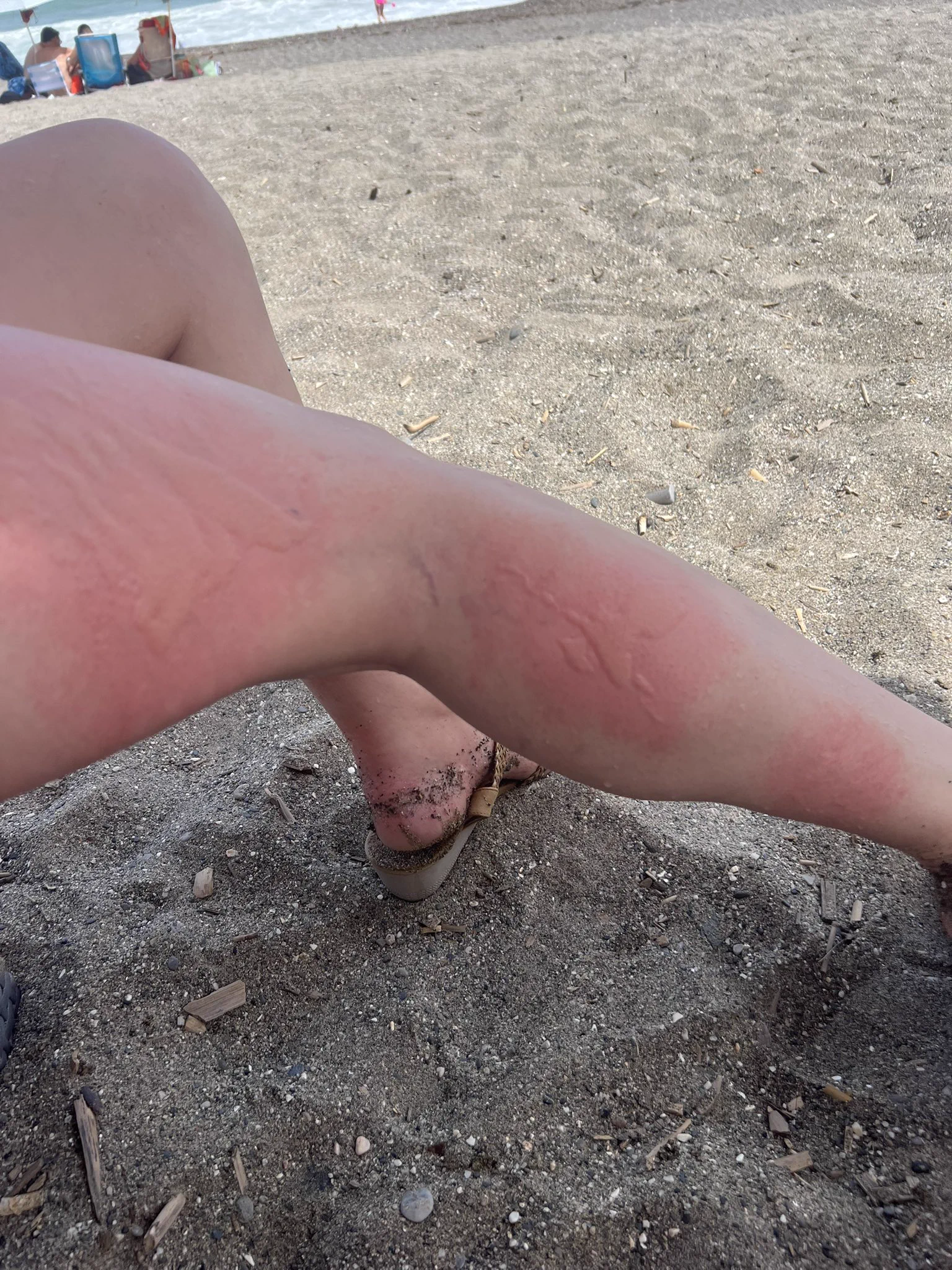 32° weather ✅
Beach club ✅
Nice cocktail ✅

Getting stung by a jellyfish 😩 https://t.co/xF3iSUhied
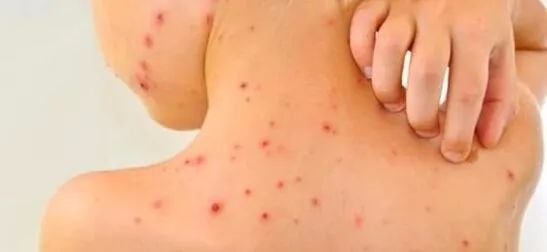 水痘是种可怕的病吗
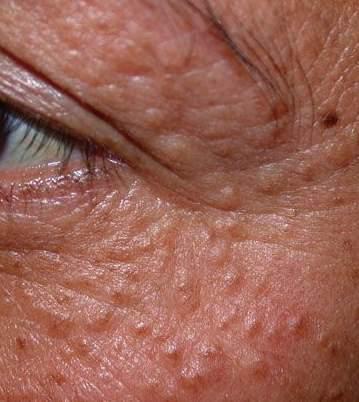Other harmless skin lesions of the Syringomas face Harmless sweat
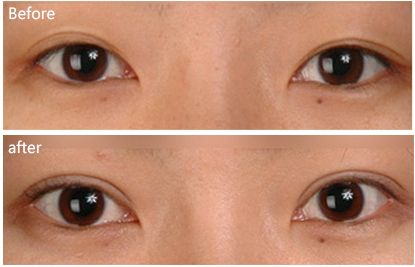 錦州外陰整形醫(yī)院哪家效果最好又靠譜？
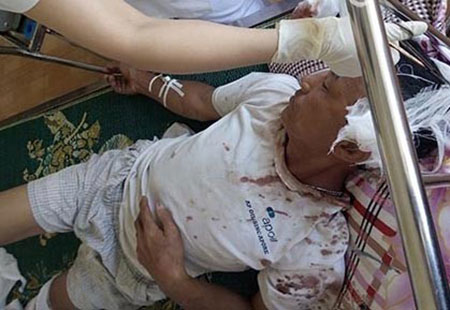 Vụ giang hồ truy sát ông lão: Kẻ chủ mưu là con dâu nạn nhân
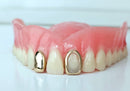 Grillz on Your Denture - DQ1023DNT
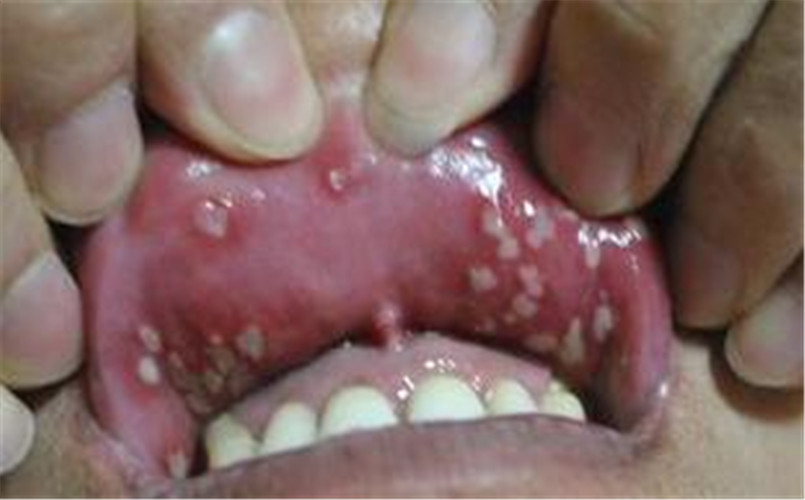 白塞病嘴唇起泡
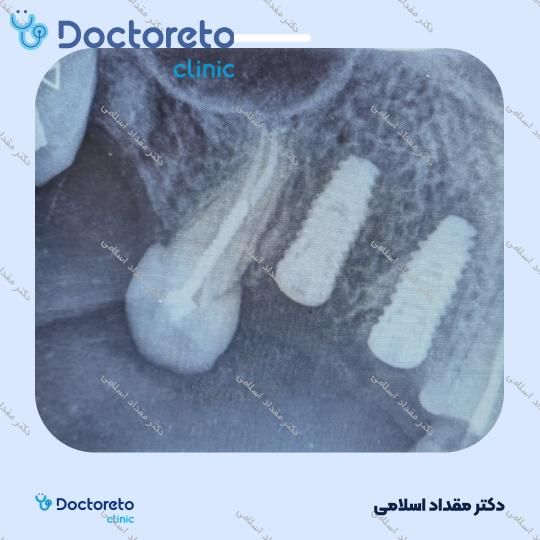 ایمپلنت نئودنت سوئیسی با روکش ( هرواحد ) دکتر مقداد اسلامی در تهران 2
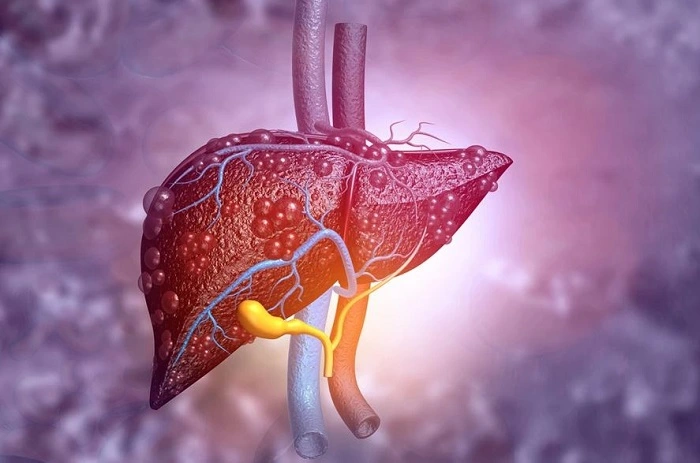 Um teste não invasivo foi desenvolvido para detectar fibrose hepática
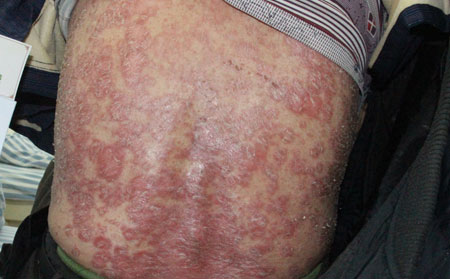 男性牛皮癣给患者带来哪些损害？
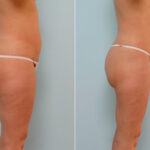 Liposuction before and after photos in Houston, TX, Patient 28965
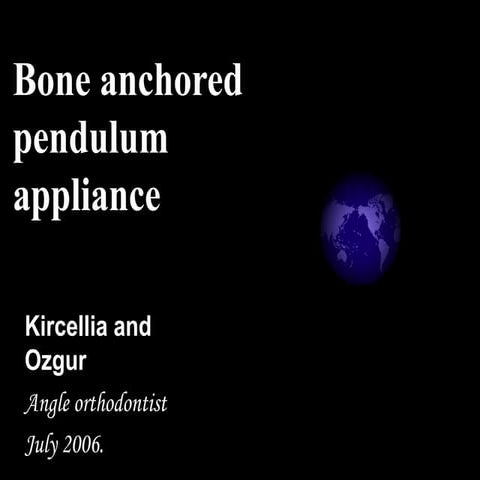 Bone anchored pendulum appliance. (2)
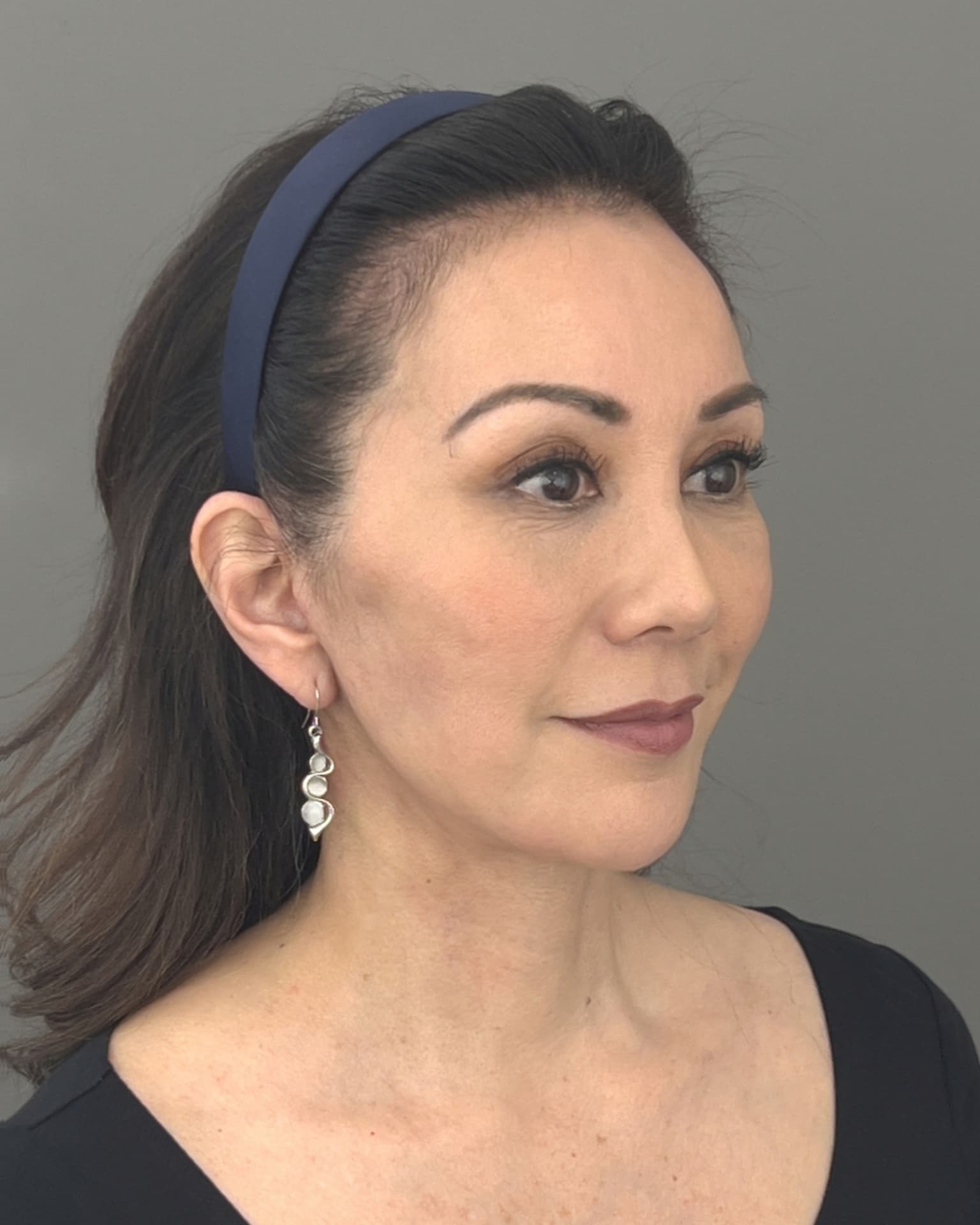 Facelift and Neck Lift at 60: Why Dr. Trott Started With the Neck, after, view 4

* _Task instructions_
Print each record as it appears above, dropping every picture from the copy.

* _Task result_
 32° weather ✅
Beach club ✅
Nice cocktail ✅

Getting stung by a jellyfish 😩 https://t.co/xF3iSUhied
 水痘是种可怕的病吗
Other harmless skin lesions of the Syringomas face Harmless sweat
 錦州外陰整形醫(yī)院哪家效果最好又靠譜？
 Vụ giang hồ truy sát ông lão: Kẻ chủ mưu là con dâu nạn nhân
 Grillz on Your Denture - DQ1023DNT
 白塞病嘴唇起泡
 ایمپلنت نئودنت سوئیسی با روکش ( هرواحد ) دکتر مقداد اسلامی در تهران 2
 Um teste não invasivo foi desenvolvido para detectar fibrose hepática
 男性牛皮癣给患者带来哪些损害？
 Liposuction before and after photos in Houston, TX, Patient 28965
 Bone anchored pendulum appliance. (2)
 Facelift and Neck Lift at 60: Why Dr. Trott Started With the Neck, after, view 4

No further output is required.